▶ _WHAT IS EXPECTED_
For the data that follows, print the line with "A modern kitchen", the line with "Image of a woman", and all lines between them, exactly as they stand. Omit pictures and add nothing.

▶ _GIVEN INFORMATION_
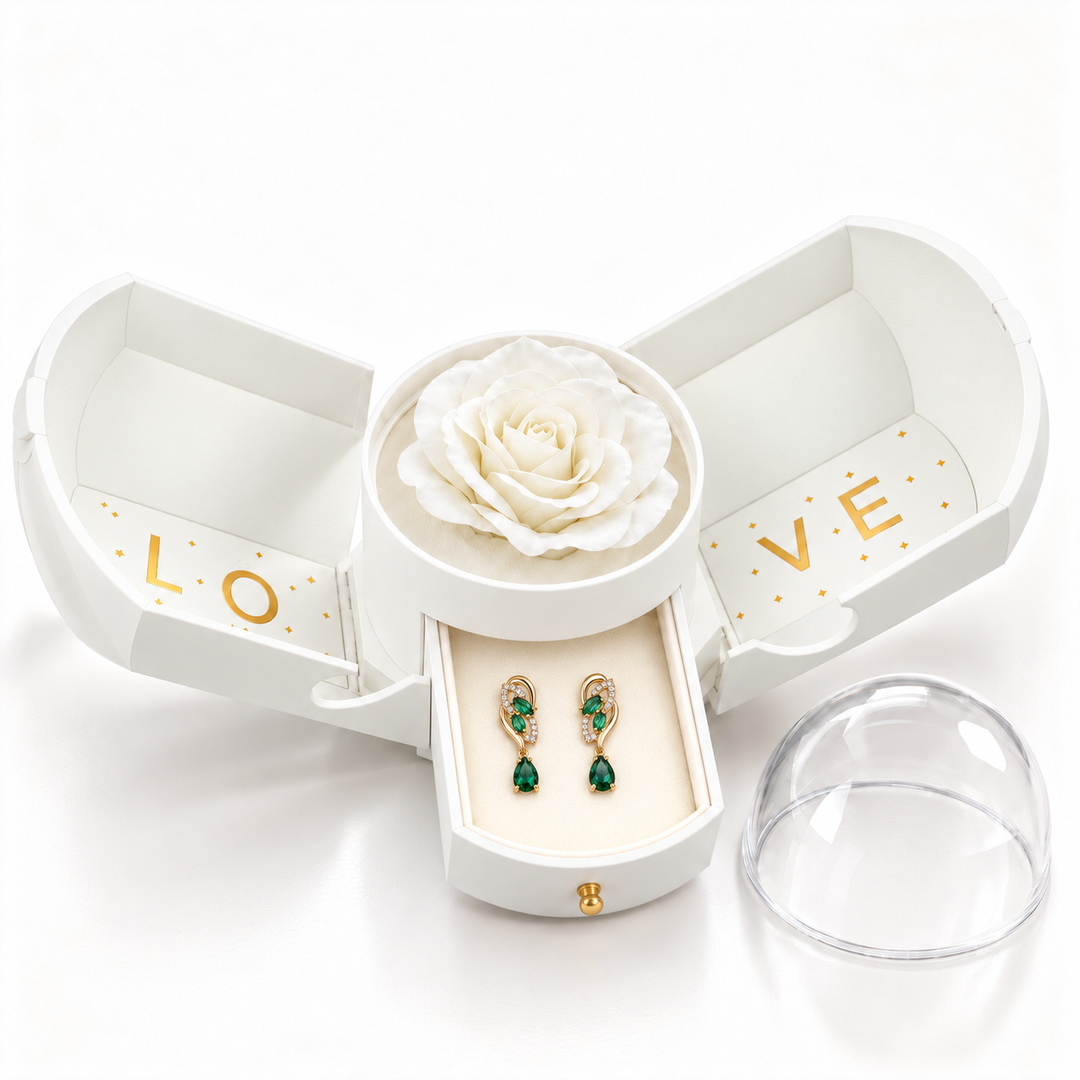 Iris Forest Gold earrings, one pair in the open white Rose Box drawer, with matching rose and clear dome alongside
--
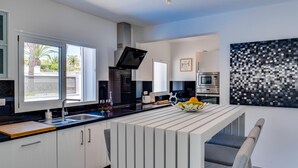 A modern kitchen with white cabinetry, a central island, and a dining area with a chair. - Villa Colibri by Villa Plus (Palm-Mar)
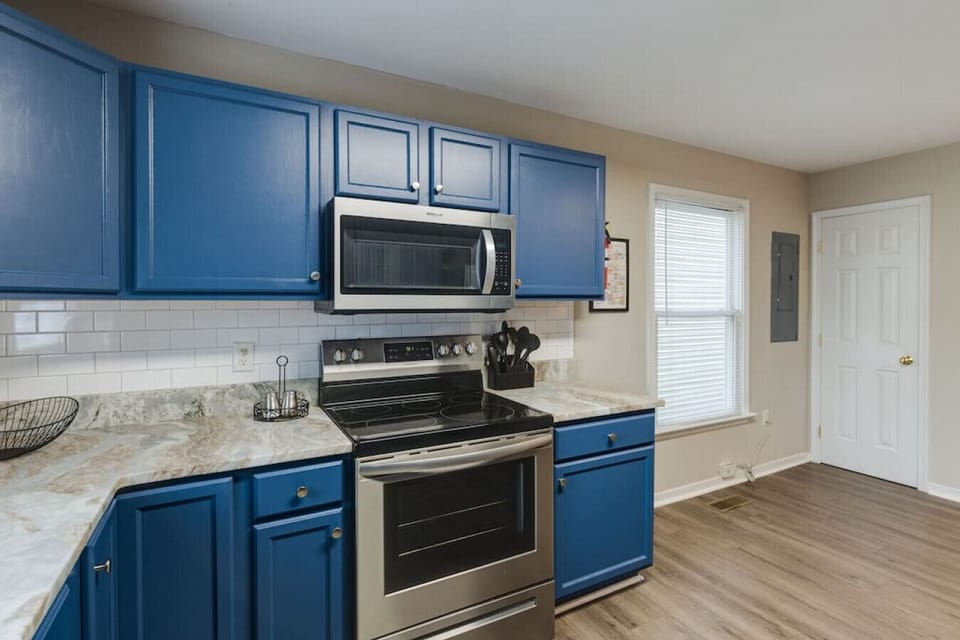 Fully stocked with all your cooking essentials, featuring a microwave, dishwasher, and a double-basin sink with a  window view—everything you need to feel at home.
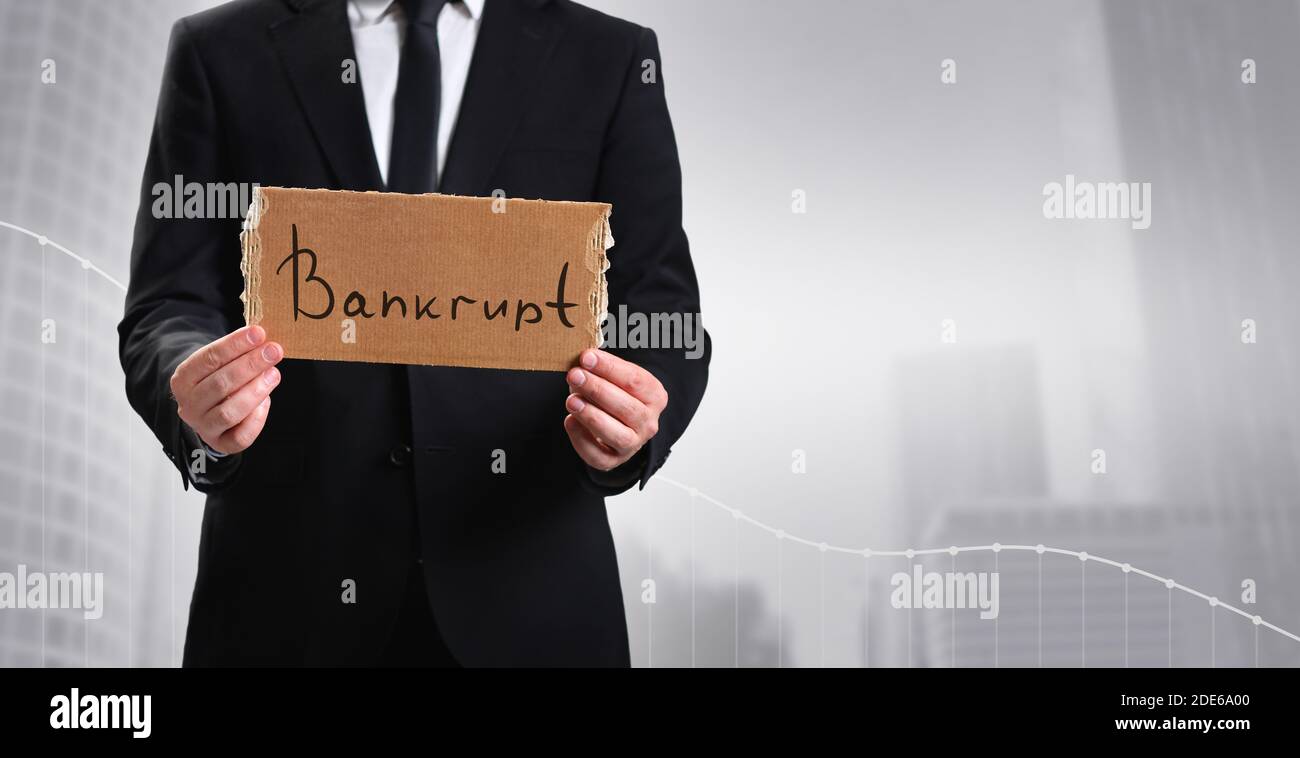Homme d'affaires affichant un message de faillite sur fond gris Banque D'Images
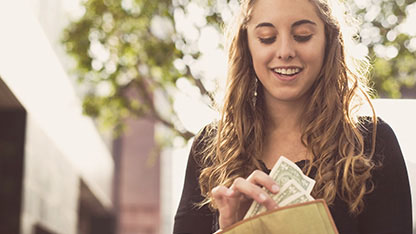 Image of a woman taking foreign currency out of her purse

▶ _REPLY_
 A modern kitchen with white cabinetry, a central island, and a dining area with a chair. - Villa Colibri by Villa Plus (Palm-Mar)
 Fully stocked with all your cooking essentials, featuring a microwave, dishwasher, and a double-basin sink with a  window view—everything you need to feel at home.
Homme d'affaires affichant un message de faillite sur fond gris Banque D'Images
 Image of a woman taking foreign currency out of her purse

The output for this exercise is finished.